Hay lugares que parecen haber encontrado una forma distinta de entender el tiempo... Mientras el mundo corre, el Valle de Ricote sigue caminando.
Sus huertas históricas, las acequias que recorren el paisaje desde hace siglos, los pueblos que conservan su esencia y el ritmo pausado de la vida cotidiana convierten este rincón de la Región de Murcia en uno de los mejores ejemplos de sostenibilidad social.
Porque aquí el turismo no transforma el territorio, sino que es el territorio quien transforma al visitante.
Cada vez más viajeros buscan escapar de destinos masificados para descubrir lugares donde todavía sea posible conectar con la cultura local, el paisaje y las personas.
El Valle de Ricote representa precisamente esa forma de viajar.
Conocido como el último valle morisco de España, conserva una identidad única construida alrededor del agua, la agricultura tradicional y una forma de vida estrechamente ligada a la naturaleza.
Entre limoneros, naranjos y el sonido tranquilo del río Segura encontramos La Joya del Valle de Ricote.
Este proyecto turístico se ubica en una finca agrícola dedicada al cultivo de cítricos y ha convertido el turismo slow y el agroturismo en parte esencial de su filosofía.
Hablamos con sus responsables sobre la importancia de proteger la autenticidad del Valle de Ricote:
"Nuestros huéspedes buscan algo que ya no es tan fácil encontrar"
"Cada vez recibimos más personas que necesitan desconectar del ritmo acelerado del día a día. Buscan tranquilidad, naturaleza, autenticidad y experiencias que les permitan conectar con el lugar que visitan."

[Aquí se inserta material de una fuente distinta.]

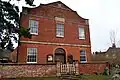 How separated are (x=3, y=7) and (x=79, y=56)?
12.8 meters

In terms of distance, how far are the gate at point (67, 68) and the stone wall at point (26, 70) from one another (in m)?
0.55

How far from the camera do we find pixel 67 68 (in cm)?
2011

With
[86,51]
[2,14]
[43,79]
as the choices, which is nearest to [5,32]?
[2,14]

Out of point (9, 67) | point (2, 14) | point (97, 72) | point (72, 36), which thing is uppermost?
point (2, 14)

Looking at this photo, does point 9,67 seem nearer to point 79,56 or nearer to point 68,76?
point 68,76

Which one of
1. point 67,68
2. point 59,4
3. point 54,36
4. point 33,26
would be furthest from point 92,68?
point 59,4

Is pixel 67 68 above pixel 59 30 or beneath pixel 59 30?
beneath

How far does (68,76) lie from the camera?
19047 millimetres

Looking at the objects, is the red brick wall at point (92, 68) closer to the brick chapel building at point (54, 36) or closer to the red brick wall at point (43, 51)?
the brick chapel building at point (54, 36)

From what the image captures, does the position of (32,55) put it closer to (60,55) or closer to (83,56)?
(60,55)

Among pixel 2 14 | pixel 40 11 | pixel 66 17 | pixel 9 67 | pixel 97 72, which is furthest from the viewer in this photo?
pixel 66 17

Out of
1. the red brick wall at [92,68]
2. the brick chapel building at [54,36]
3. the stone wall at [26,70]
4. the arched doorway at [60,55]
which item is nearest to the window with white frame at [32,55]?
the brick chapel building at [54,36]

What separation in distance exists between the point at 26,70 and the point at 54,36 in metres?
8.32

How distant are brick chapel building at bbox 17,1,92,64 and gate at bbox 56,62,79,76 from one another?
401cm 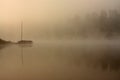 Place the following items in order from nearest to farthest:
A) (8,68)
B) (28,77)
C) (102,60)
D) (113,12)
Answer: (28,77) → (8,68) → (102,60) → (113,12)

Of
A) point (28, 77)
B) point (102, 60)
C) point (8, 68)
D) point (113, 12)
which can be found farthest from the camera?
point (113, 12)

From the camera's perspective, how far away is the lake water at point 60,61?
3.93 feet

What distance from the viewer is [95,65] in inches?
54.3

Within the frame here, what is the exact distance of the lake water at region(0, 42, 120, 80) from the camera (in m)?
1.20

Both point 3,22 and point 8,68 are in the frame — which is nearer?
point 8,68

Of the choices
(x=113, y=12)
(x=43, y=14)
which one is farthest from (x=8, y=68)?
(x=113, y=12)

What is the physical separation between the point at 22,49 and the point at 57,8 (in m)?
0.38

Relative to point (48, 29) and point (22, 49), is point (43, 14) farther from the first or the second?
point (22, 49)

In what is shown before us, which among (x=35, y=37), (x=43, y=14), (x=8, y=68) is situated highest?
(x=43, y=14)

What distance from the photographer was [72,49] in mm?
1685

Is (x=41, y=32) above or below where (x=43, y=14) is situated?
below

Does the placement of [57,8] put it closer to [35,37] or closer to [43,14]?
[43,14]

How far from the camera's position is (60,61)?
1.47 meters

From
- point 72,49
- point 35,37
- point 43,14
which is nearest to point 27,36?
point 35,37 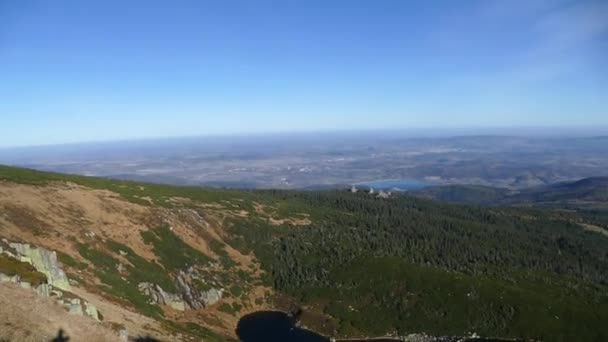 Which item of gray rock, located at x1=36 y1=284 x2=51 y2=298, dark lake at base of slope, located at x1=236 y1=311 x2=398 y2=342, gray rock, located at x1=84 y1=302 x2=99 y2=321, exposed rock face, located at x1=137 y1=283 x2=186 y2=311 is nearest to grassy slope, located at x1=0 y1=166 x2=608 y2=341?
dark lake at base of slope, located at x1=236 y1=311 x2=398 y2=342

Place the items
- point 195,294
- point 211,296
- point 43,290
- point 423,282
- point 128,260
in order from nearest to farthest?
point 43,290 < point 128,260 < point 195,294 < point 211,296 < point 423,282

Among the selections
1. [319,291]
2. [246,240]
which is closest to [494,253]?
[319,291]

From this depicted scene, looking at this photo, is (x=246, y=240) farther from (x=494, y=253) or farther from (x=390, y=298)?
(x=494, y=253)

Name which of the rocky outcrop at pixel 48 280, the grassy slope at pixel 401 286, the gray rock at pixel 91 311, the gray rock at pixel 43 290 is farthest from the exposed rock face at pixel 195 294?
the gray rock at pixel 43 290

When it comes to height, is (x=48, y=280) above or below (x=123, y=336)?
above

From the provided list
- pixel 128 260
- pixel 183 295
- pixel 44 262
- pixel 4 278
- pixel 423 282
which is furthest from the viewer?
pixel 423 282

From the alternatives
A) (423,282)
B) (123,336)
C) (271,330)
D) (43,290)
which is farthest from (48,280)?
(423,282)

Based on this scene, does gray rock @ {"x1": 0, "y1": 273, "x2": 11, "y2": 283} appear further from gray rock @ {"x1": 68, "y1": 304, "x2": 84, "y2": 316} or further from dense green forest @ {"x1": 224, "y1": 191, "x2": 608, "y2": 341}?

"La mejor experiencia es la más sencilla"
"El Valle de Ricote sigue siendo un lugar real. Aquí los viajeros pueden pasear entre huertas centenarias, conocer cómo se cultivan los cítricos, hablar con la gente del territorio o simplemente sentarse a escuchar el agua correr por las acequias."
"Muchas veces lo que más valoran nuestros visitantes son precisamente esas cosas sencillas."
La sostenibilidad social también consiste en generar oportunidades para quienes viven en el territorio.
Por eso proyectos como La Joya colaboran con productores locales, experiencias agroturísticas, guías y pequeños negocios del valle, contribuyendo a que la actividad turística genere beneficios que permanecen en la comunidad.
En un momento en el que muchos destinos buscan diferenciarse, el Valle de Ricote conserva algo que no puede construirse artificialmente: autenticidad.
Quizá por eso quienes lo visitan hablan de él como uno de los secretos mejor guardados de la Región de Murcia.
Un lugar donde el paisaje, la cultura y las personas siguen formando parte de la misma historia. Y donde viajar vuelve a significar algo tan sencillo como sentirse parte del lugar.